INFORMATION
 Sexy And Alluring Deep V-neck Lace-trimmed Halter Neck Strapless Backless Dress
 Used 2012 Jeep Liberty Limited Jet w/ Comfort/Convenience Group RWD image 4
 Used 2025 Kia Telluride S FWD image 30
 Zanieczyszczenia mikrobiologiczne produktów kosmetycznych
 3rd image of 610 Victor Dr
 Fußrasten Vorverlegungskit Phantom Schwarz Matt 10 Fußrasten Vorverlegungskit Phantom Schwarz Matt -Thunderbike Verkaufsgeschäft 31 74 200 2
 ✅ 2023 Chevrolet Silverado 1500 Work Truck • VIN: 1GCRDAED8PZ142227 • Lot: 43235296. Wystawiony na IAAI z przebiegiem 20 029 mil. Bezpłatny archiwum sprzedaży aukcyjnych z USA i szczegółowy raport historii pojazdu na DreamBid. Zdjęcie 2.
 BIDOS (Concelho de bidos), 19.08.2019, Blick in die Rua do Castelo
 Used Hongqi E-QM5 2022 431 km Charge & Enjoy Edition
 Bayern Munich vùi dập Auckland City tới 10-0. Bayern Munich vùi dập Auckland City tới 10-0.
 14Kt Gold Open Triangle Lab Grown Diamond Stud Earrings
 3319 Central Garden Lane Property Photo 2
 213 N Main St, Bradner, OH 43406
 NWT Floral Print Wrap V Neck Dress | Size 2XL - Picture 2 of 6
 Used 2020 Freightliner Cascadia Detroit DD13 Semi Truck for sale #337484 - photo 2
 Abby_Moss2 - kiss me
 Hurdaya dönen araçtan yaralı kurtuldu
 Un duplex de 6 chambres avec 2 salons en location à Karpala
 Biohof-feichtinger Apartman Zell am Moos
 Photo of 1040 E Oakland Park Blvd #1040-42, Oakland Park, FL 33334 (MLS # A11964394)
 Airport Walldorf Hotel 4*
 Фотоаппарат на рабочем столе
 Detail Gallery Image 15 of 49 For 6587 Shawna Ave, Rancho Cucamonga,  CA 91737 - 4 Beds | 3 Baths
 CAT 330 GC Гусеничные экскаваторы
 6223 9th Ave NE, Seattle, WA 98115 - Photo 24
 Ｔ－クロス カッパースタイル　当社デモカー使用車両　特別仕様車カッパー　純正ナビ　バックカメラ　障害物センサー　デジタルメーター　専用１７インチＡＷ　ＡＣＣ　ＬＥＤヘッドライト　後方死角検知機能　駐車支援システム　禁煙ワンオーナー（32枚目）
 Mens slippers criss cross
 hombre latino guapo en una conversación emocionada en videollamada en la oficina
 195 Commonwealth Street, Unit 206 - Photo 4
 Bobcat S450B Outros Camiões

EXERCISE OBJECTIVE
Would you return exactly the lines from the one containing "195 Commonwealth Street, Unit 206 - Photo 4" through the end of the listing, both included, and only them?

ANSWER TO THIS EXERCISE
 195 Commonwealth Street, Unit 206 - Photo 4
 Bobcat S450B Outros Camiões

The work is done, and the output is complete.